DATA
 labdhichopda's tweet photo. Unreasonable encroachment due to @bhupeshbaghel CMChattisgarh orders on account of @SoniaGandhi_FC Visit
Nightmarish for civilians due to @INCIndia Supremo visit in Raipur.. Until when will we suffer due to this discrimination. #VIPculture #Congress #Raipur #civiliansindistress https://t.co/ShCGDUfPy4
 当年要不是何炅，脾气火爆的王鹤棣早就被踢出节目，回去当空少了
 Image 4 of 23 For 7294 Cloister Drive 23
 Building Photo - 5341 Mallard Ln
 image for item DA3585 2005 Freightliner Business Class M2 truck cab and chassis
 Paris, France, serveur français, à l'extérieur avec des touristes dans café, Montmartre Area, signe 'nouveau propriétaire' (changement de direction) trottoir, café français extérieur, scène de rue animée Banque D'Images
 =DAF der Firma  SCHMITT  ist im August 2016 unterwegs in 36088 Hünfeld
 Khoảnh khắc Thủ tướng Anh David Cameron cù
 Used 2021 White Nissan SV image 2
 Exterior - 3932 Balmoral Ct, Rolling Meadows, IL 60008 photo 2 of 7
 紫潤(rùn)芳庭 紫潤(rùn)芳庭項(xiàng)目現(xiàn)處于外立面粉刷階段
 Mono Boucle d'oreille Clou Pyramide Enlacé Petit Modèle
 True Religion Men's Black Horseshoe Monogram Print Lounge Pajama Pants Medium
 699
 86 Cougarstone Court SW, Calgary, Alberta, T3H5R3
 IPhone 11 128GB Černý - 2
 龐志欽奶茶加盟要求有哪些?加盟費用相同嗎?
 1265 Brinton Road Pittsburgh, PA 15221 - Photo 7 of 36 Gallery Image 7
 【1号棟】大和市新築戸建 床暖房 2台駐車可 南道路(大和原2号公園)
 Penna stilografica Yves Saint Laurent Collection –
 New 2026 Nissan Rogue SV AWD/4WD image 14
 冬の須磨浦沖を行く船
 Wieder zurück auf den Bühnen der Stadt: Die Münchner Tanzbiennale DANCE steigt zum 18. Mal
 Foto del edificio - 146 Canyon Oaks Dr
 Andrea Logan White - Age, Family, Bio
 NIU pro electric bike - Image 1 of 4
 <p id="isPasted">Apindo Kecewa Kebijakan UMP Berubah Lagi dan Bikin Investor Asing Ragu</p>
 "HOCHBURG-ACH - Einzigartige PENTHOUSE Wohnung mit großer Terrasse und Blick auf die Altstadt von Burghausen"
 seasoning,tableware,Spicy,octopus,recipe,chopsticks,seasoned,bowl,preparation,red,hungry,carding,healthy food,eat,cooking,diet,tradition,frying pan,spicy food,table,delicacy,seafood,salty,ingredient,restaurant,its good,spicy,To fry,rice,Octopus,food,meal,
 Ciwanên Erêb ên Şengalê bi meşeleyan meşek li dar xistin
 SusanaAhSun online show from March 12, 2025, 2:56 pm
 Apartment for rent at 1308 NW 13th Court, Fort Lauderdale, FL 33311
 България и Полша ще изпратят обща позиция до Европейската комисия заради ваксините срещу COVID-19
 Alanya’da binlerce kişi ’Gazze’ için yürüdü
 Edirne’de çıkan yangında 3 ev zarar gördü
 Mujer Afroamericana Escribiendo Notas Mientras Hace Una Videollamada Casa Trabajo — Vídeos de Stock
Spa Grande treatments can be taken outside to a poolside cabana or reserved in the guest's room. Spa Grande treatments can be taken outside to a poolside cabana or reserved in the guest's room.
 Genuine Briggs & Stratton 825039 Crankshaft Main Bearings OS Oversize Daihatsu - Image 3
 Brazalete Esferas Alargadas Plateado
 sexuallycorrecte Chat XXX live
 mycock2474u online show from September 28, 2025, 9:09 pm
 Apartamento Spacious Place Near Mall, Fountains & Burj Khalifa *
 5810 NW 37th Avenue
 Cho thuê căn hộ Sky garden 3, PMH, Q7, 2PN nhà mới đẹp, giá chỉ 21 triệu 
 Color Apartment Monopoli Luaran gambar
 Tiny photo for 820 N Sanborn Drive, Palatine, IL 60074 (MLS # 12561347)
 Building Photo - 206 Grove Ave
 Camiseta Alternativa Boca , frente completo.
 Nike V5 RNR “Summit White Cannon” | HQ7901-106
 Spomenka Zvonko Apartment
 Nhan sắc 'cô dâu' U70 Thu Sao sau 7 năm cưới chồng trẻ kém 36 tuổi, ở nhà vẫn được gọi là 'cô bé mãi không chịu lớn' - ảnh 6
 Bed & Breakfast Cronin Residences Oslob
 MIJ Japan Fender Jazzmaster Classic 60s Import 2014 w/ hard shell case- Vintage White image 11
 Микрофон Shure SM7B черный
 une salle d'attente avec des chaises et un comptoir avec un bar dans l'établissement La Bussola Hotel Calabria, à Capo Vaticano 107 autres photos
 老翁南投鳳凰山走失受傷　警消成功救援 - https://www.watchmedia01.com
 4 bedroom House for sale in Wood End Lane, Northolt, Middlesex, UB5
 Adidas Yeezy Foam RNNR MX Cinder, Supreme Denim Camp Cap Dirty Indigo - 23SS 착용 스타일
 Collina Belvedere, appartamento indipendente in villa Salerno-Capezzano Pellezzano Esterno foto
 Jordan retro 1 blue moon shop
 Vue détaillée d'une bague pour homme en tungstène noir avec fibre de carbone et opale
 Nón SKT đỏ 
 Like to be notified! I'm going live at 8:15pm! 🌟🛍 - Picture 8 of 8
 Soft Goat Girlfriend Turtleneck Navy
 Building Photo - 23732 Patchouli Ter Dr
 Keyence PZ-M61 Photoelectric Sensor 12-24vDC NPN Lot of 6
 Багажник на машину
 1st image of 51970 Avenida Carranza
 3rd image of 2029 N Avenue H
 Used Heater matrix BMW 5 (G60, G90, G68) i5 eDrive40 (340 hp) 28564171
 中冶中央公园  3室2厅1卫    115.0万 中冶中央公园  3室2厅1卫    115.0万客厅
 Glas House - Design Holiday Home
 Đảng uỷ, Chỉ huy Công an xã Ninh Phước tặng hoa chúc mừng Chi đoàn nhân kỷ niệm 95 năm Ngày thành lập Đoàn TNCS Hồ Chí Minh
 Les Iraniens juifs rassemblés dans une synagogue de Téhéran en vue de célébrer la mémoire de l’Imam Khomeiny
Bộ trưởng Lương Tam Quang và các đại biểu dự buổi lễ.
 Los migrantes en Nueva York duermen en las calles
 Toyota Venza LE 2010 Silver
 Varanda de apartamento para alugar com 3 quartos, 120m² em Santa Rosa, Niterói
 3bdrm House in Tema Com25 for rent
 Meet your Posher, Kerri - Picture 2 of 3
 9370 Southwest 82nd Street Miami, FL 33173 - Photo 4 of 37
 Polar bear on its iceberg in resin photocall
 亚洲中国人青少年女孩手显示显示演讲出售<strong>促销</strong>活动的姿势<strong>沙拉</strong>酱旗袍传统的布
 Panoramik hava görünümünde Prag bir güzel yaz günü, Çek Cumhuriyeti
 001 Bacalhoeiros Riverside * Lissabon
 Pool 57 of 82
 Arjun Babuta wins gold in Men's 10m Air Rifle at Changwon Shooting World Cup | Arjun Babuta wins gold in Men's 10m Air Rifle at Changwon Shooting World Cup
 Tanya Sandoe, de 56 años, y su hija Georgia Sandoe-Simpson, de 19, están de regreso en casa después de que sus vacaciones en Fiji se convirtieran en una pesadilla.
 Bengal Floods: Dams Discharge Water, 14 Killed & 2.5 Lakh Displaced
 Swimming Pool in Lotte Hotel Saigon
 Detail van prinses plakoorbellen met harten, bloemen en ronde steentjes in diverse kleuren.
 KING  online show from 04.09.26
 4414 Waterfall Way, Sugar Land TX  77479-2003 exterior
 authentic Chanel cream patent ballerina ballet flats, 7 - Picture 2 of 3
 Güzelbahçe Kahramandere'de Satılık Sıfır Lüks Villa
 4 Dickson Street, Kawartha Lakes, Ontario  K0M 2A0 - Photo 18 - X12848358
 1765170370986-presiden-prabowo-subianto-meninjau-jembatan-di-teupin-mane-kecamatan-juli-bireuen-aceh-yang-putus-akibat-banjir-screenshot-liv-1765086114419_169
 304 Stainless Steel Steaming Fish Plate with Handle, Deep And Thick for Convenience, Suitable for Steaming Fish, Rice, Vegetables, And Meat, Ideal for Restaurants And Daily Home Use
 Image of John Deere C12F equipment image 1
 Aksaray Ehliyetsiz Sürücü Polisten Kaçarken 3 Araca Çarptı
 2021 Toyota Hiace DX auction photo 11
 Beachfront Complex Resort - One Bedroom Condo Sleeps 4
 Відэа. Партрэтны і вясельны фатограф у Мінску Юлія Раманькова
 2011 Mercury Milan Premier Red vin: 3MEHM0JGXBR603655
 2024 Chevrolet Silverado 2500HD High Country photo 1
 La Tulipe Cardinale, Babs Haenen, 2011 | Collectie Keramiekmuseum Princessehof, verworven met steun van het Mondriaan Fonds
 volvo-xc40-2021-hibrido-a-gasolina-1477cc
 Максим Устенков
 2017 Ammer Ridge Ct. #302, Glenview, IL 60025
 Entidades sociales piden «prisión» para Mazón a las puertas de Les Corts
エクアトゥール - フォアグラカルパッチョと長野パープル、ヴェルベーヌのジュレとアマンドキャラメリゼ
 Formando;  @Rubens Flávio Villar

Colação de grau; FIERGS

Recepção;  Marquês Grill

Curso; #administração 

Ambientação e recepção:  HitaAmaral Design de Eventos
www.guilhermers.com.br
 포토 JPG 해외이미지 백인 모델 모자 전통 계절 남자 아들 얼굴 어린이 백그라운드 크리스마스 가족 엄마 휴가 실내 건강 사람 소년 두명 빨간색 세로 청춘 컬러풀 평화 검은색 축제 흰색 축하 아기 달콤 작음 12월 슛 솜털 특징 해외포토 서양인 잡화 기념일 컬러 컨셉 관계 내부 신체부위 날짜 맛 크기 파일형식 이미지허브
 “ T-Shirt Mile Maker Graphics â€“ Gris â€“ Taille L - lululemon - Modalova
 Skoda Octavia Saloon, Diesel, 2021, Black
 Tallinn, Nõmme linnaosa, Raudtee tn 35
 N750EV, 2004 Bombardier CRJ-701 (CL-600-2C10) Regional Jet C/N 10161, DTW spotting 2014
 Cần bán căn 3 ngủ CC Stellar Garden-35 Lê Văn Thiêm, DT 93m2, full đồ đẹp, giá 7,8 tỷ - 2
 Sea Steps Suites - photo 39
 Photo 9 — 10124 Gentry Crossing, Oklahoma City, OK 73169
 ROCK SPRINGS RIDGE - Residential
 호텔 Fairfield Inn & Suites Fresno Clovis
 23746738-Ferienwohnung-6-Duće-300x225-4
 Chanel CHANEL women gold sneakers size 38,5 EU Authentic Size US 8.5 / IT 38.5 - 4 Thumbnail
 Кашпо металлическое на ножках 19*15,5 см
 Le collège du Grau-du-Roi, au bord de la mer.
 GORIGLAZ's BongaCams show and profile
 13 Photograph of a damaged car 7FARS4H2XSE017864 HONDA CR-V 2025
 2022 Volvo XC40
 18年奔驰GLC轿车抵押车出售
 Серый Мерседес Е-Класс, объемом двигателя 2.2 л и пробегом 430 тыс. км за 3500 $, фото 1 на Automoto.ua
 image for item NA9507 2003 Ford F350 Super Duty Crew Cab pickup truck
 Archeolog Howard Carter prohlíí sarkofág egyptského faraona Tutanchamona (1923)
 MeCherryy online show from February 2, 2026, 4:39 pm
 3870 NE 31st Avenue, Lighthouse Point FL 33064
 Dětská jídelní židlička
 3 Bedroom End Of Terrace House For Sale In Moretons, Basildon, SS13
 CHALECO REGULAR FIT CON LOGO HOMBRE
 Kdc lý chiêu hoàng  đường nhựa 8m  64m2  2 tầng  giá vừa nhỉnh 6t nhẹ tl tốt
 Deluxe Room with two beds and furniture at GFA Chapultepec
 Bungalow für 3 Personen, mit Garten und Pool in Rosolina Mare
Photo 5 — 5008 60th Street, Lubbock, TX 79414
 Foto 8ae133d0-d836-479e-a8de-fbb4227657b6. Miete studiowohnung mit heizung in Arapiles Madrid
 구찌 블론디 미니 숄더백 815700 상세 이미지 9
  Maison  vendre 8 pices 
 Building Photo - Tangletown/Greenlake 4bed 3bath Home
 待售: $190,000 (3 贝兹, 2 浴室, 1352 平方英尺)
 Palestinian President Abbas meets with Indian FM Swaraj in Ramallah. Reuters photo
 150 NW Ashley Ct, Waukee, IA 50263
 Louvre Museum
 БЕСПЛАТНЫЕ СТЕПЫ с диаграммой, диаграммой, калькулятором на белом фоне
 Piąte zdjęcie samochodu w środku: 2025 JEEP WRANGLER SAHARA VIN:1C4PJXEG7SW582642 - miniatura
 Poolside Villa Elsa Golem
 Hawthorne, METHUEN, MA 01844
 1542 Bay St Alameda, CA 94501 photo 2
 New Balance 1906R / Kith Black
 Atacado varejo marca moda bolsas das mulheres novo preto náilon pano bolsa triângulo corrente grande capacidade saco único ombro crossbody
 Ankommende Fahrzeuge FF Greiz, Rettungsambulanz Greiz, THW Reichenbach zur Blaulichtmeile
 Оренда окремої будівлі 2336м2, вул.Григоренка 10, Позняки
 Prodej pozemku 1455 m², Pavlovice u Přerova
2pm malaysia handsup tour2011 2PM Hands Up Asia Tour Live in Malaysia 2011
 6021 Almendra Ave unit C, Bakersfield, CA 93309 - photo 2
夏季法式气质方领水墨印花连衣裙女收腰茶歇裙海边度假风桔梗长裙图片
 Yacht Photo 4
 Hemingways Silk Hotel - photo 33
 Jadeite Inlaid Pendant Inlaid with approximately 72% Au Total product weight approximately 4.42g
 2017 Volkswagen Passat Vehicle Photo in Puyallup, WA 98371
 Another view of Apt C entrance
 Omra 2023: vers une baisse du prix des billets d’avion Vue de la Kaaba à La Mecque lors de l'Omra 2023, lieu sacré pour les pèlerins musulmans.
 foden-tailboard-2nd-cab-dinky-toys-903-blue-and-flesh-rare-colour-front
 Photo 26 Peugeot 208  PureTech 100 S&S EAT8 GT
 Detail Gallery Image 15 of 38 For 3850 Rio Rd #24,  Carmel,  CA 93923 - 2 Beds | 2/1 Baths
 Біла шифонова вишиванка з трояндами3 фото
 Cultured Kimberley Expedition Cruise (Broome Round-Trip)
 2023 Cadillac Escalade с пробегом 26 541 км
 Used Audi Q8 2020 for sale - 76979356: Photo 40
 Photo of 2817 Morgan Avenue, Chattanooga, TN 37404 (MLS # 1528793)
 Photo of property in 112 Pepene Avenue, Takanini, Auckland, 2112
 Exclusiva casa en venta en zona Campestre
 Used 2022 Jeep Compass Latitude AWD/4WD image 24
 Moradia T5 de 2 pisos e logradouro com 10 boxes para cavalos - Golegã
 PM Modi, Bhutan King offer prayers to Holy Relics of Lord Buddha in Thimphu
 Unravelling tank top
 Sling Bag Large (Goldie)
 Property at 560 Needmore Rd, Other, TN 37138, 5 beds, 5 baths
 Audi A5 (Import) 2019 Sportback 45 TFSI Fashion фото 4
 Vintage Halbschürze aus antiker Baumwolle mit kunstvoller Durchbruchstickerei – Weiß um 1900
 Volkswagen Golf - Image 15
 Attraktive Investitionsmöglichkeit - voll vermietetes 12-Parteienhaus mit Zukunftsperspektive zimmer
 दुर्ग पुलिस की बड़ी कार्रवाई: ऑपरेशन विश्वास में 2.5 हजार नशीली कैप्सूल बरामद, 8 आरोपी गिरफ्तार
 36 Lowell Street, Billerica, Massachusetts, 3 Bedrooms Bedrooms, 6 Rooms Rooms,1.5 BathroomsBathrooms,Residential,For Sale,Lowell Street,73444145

WHAT IS REQUIRED
Copy each line of the listing that contains "blue".

SOLUTION TO THIS EXERCISE
 Jordan retro 1 blue moon shop
 foden-tailboard-2nd-cab-dinky-toys-903-blue-and-flesh-rare-colour-front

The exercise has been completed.